For a homogeneous deformation, the displacement gradient is independent of $\mathbf {x}$ , i.e.,

{\boldsymbol {\nabla }}\mathbf {u} ={\frac {\partial \mathbf {u} }{\partial \mathbf {x} }}={\boldsymbol {G}}\qquad \leftarrow \qquad {\text{constant}}~.

Integrating, we get

\mathbf {u} (\mathbf {x} )={\boldsymbol {G}}\cdot \mathbf {x} +\mathbf {c} ~.

Now the strain and rotation tensors are given by

{\boldsymbol {\varepsilon }}={\frac {1}{2}}({\boldsymbol {\nabla }}\mathbf {u} +{\boldsymbol {\nabla }}\mathbf {u} ^{T})={\frac {1}{2}}({\boldsymbol {G}}+{\boldsymbol {G}}^{T})~;~~{\boldsymbol {\omega }}={\frac {1}{2}}({\boldsymbol {\nabla }}\mathbf {u} -{\boldsymbol {\nabla }}\mathbf {u} ^{T})={\frac {1}{2}}({\boldsymbol {G}}-{\boldsymbol {G}}^{T})~.
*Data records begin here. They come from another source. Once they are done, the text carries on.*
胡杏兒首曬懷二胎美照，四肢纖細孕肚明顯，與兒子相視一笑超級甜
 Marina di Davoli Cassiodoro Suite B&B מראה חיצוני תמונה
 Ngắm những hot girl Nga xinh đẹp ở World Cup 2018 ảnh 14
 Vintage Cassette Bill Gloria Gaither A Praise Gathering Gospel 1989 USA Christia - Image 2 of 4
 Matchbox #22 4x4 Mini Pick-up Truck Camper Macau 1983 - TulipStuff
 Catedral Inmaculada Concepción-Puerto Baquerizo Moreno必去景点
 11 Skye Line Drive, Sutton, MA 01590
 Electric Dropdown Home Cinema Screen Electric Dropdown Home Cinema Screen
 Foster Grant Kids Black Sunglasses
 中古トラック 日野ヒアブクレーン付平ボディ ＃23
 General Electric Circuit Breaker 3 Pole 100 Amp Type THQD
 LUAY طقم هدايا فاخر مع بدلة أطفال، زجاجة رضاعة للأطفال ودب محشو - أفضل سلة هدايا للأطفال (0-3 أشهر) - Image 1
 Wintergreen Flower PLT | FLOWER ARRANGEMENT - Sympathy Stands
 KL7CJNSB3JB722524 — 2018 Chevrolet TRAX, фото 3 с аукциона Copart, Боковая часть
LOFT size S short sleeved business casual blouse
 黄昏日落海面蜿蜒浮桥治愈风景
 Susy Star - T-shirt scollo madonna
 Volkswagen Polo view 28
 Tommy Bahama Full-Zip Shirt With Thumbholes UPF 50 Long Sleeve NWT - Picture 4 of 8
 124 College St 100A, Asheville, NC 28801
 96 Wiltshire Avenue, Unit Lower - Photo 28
For a rigid body motion, the strain ${\boldsymbol {\varepsilon }}=0$ . Therefore,

{\boldsymbol {G}}=-{\boldsymbol {G}}^{T}\qquad \implies \qquad {\boldsymbol {\omega }}={\boldsymbol {G}}~.

Plugging into the expression for $\mathbf {u}$ for a homogeneous deformation, we have

{\mathbf {u} (\mathbf {x} )={\boldsymbol {\omega }}\cdot \mathbf {x} +\mathbf {c} \qquad \square }